BEGIN

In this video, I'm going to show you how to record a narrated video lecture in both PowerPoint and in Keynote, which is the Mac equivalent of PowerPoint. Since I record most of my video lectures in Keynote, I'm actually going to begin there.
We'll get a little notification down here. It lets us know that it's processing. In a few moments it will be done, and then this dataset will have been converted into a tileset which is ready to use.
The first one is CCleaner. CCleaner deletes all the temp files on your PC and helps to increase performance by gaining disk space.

END
BEGIN

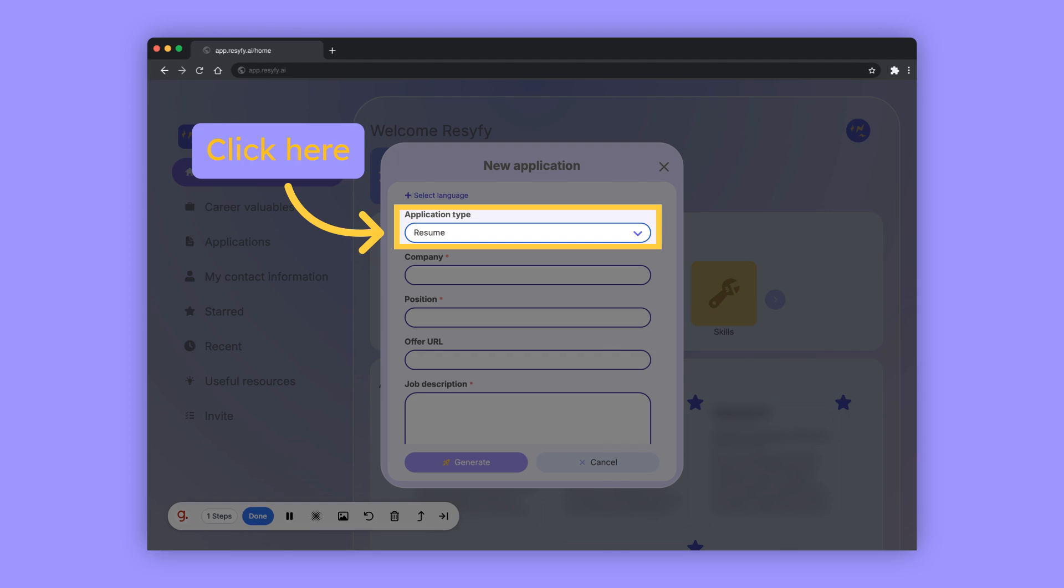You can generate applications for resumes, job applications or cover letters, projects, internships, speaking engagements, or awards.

END

> [Task item] Above this task is a listing. Restate, word for word and with nothing added, the lines from the one with "In this video, I'm" through the one with "The first one".

> [Exercise solution]
In this video, I'm going to show you how to record a narrated video lecture in both PowerPoint and in Keynote, which is the Mac equivalent of PowerPoint. Since I record most of my video lectures in Keynote, I'm actually going to begin there.
We'll get a little notification down here. It lets us know that it's processing. In a few moments it will be done, and then this dataset will have been converted into a tileset which is ready to use.
The first one is CCleaner. CCleaner deletes all the temp files on your PC and helps to increase performance by gaining disk space.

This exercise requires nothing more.